Amazing people who make me go on n on n on:)

15 December, 2013

To have Loved and lost...

Dear Love,
Every morning that I wake up without you by my side, I wake up as though in parts, leaving something of me behind on the pillow, on the sheet, that has my curves twisting and turning all through the night. The arms extending to an empty bed, hoping to feel at my finger’s edge, the rush of brushing against your skin, but returning empty, paralyzed in an unknown dread. I wonder if I fear more the absence of you or the absence of myself in all my presence.

The body rises to do its chores while the mind drifts to a weary sleeplessness, a queer numbness to disappointment or elation, although the mouth animates into automated frowns and smiles. It is like walking with a hole in the heart, whose margins threaten to extend on every side, to eventually take the shape of me. My quivering hands hold the pots and pans, till I sit back and clench them in a silent anguish, for they miss your fingers clasped within. I light the fire under my tea, even as my own slowly whimpers dying within me.

I wash my face with cold water, hoping to break the reverie of your thoughts that barge in one after another so seamlessly that I just watch, helpless, letting each one walk all over me. I look up at my face in the mirror and don’t see me no matter how much I scrunch my eyes. I see you, I feel you. And with the trickling droplets perhaps, shed a tear or two. 
Another day, another strife, and the same life but without you!

I pretty up my face, fill color on my lips, I wear the clothes that once froze your gaze to me. I go out, seem brave, show I’ve moved on but waiting within for the mask to become me. I shut tight my eyes at every little thing that reminds me, of you, of being yours ~ the steaming cup of black coffee, the fresh flower on the vase placed near me, the post-it notes on the to-do board, with yours missing conspicuously. I wipe the ketchup edging my mouth with a sorry napkin, missing your lips tasting it off me.
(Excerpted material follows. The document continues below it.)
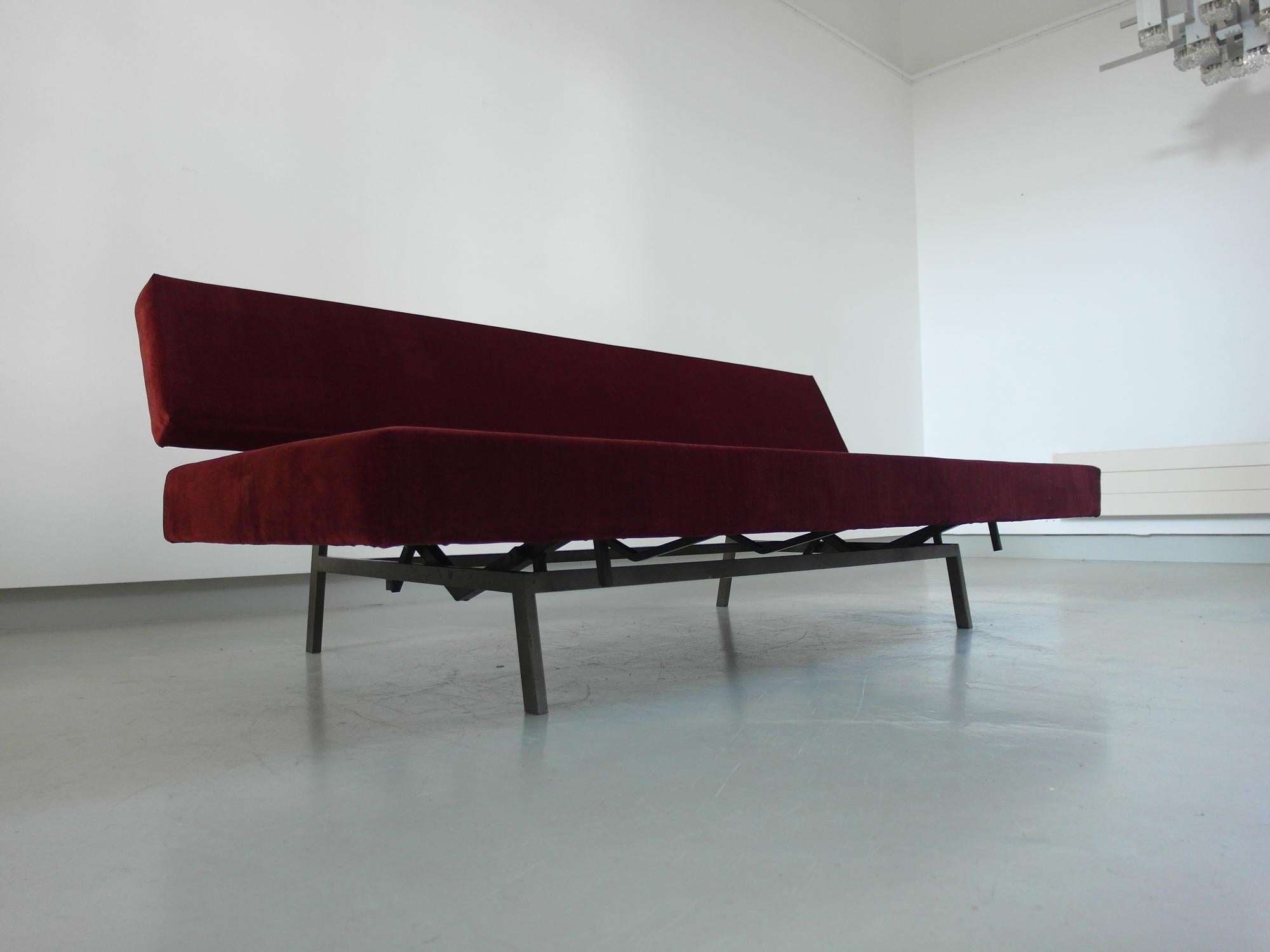Dutch Martin Visser Streamline Sleeper Sofa / Daybed by Spectrum, the Netherlands 1960 For Sale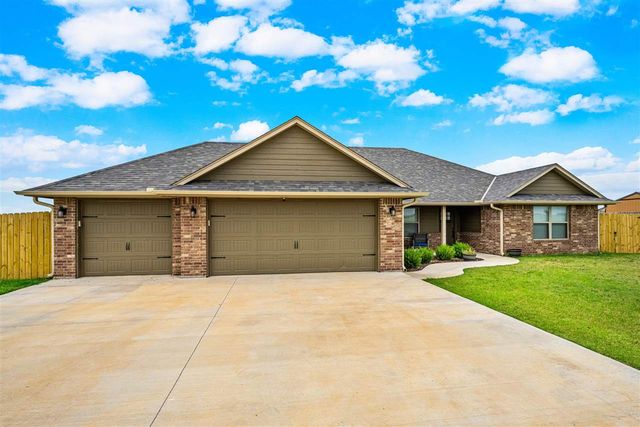 11325 SW Woodlawn Rd, Lawton, OK 73505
I move through the day knowing not if I am glad it has ended or sad that begins now the night, the returning to an empty house, no welcome smiles, no gentle rub of tired shoulders, no I’ll-join-you-in-the-shower fights. No putting me up on the kitchen shelf while flour scatters in the air so wild. No steaming kisses, no cuddles in bed, no blanket over my sleeping body covering me from the cold night.
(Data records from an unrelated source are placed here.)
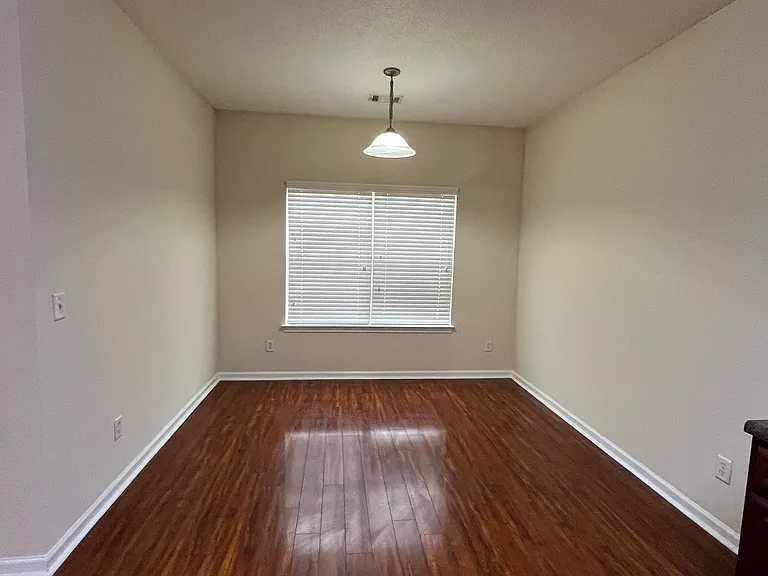 166 Seabreeze Ct — Photo 8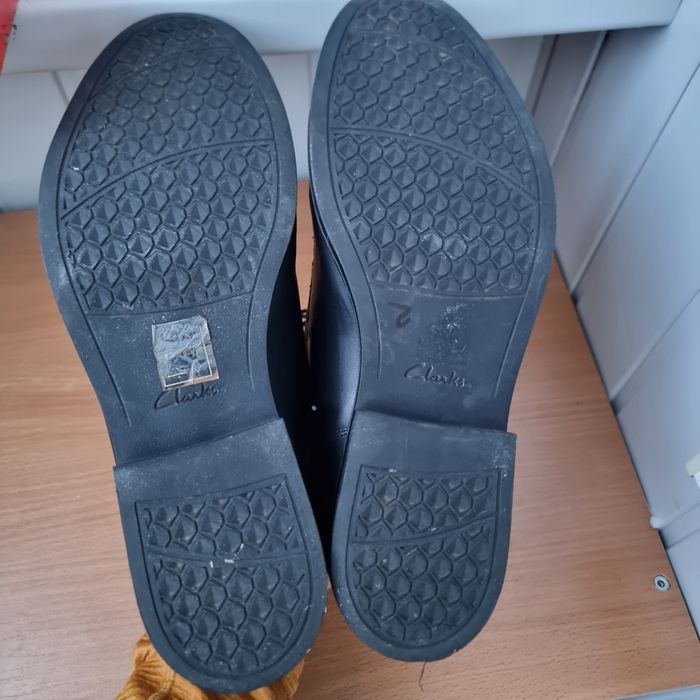 Шкіряні туфлі Clarks. Чоловічі туфлі на шнурівці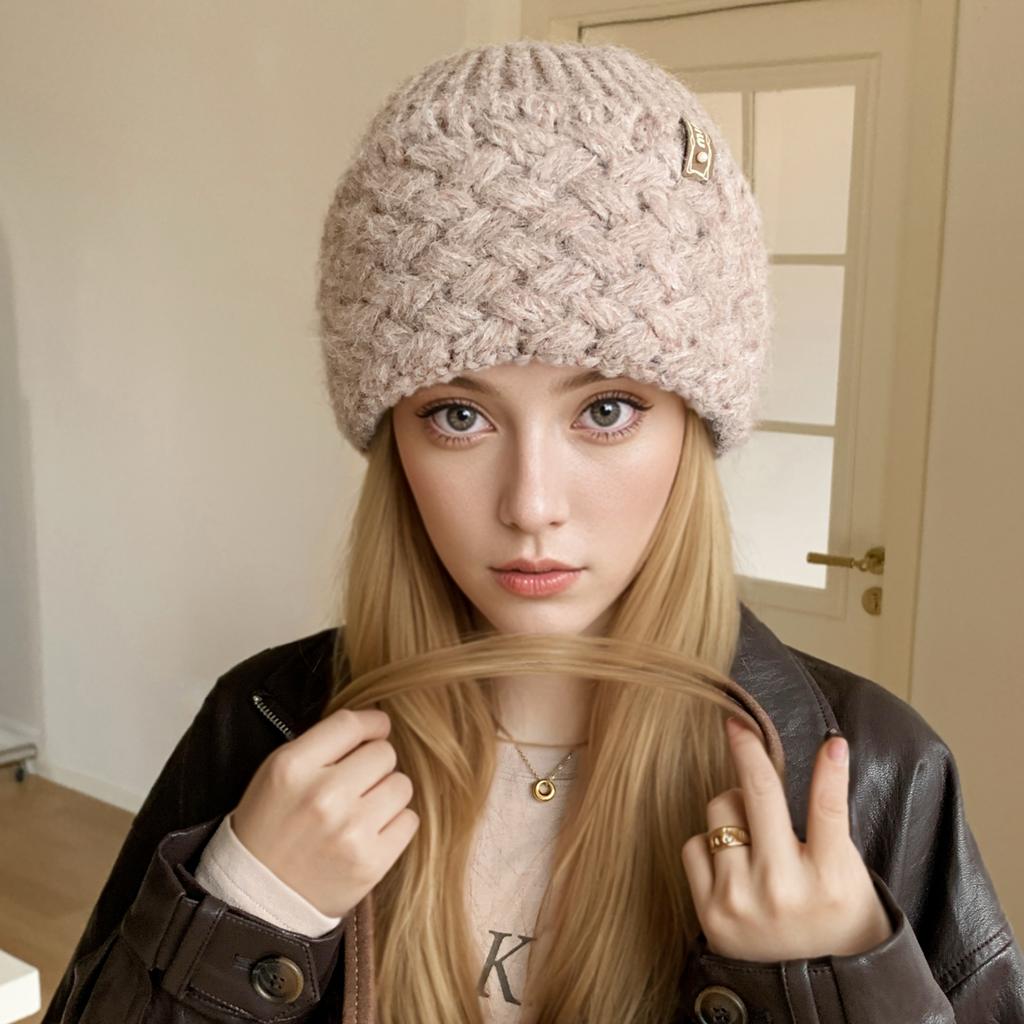 Nová dámská plyšová teplá čepice z umělé kožešiny, trendy pletená čepice, módní dámská elegantní zimní čepice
Another day, another strife, and the same life but without you!
Yours piningly,
Me.


(I can’t imagine how brave are the souls that move on in life after losing a loved one. I shuddered as I wrote this, thankful in the same breath of whatever’s mine. Also strength and love to those who walk tall in such a life, may love find you again soon.)

25 September, 2013

Lunchboxing with my Mind.

And I’ve just returned from watching The Lunchbox.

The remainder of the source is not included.